● GOAL OF THE EXERCISE: Lines from the one containing "10kt Yellow Gold" through the last line of the records below need to be repeated exactly; nothing else, and no pictures.

SOURCE MATERIAL Start Marker

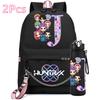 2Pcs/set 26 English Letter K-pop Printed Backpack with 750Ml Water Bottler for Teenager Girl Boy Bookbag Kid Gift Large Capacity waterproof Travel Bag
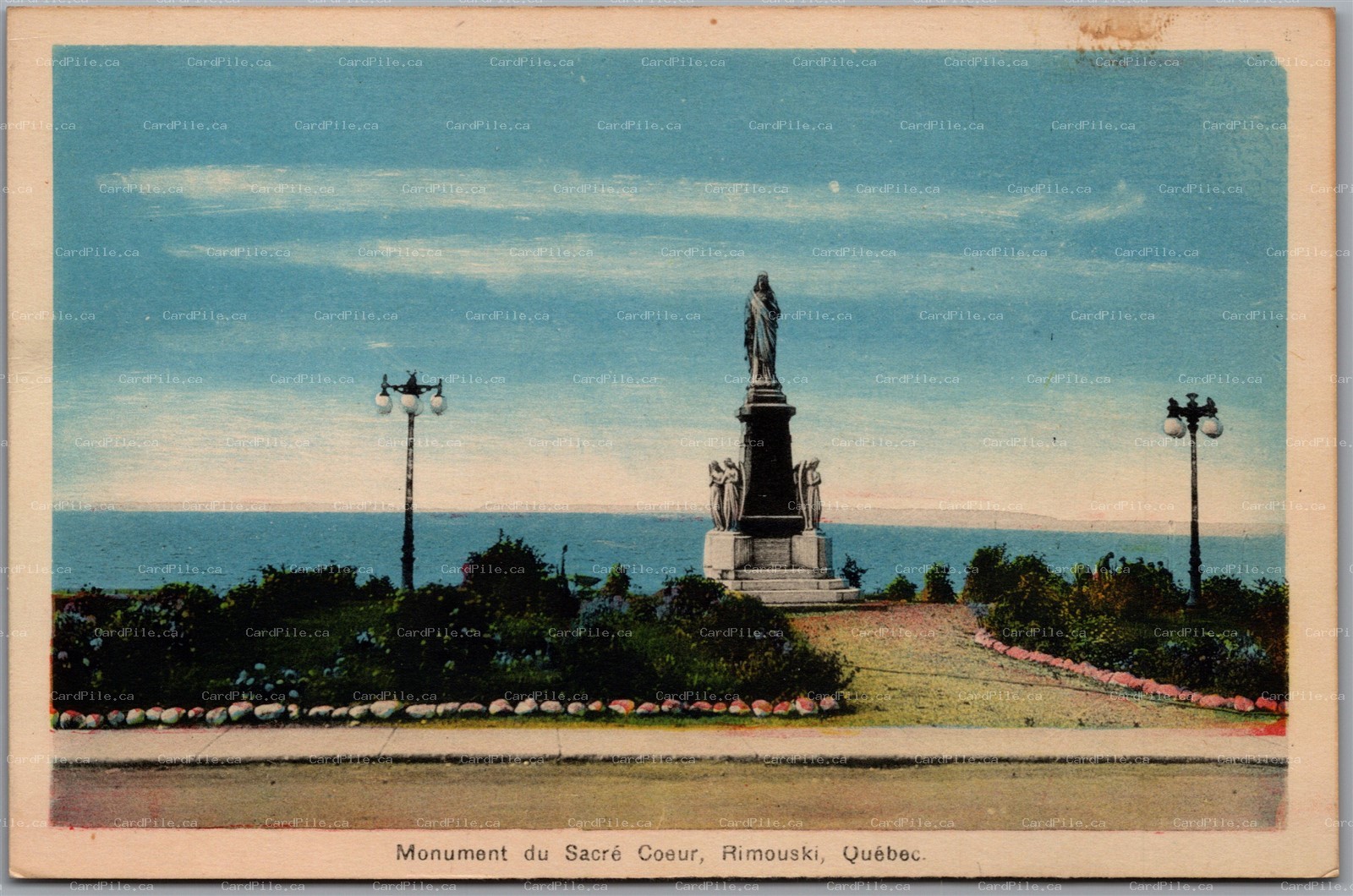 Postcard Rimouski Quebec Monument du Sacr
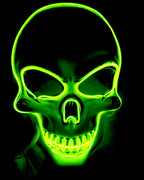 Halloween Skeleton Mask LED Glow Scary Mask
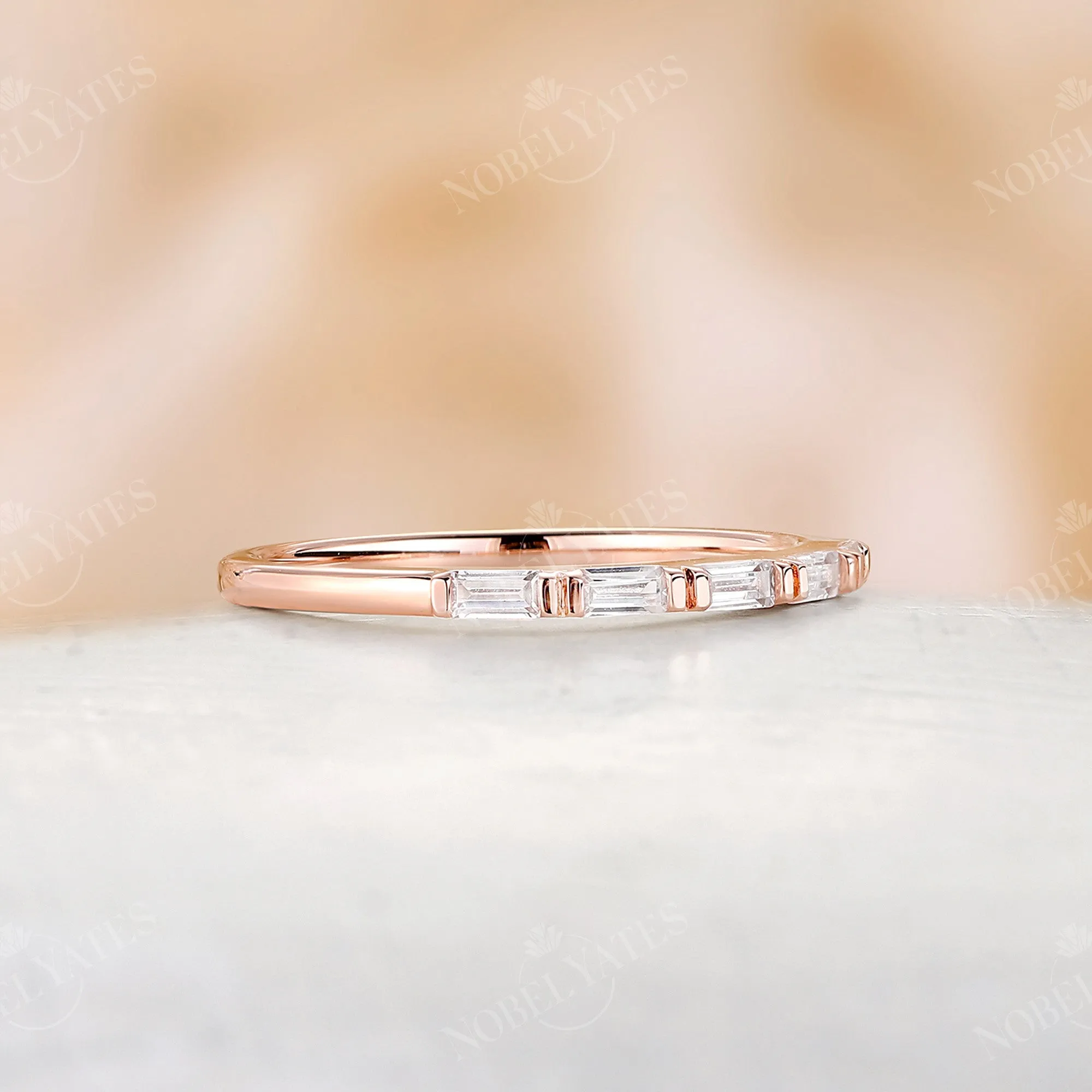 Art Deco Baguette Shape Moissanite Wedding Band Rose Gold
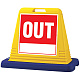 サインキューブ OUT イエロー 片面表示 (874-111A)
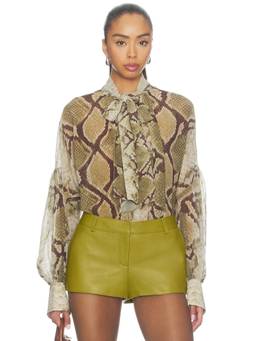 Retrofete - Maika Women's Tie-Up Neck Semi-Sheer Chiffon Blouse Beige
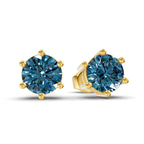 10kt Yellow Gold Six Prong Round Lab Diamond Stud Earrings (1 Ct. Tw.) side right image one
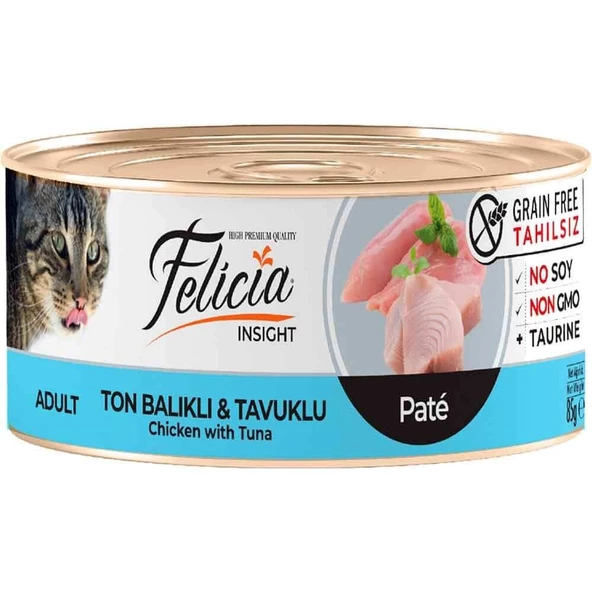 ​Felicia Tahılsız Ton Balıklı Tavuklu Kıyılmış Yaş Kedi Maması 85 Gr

SOURCE MATERIAL End Marker

● RESPONSE TO THE EXERCISE:
 10kt Yellow Gold Six Prong Round Lab Diamond Stud Earrings (1 Ct. Tw.) side right image one
 ​Felicia Tahılsız Ton Balıklı Tavuklu Kıyılmış Yaş Kedi Maması 85 Gr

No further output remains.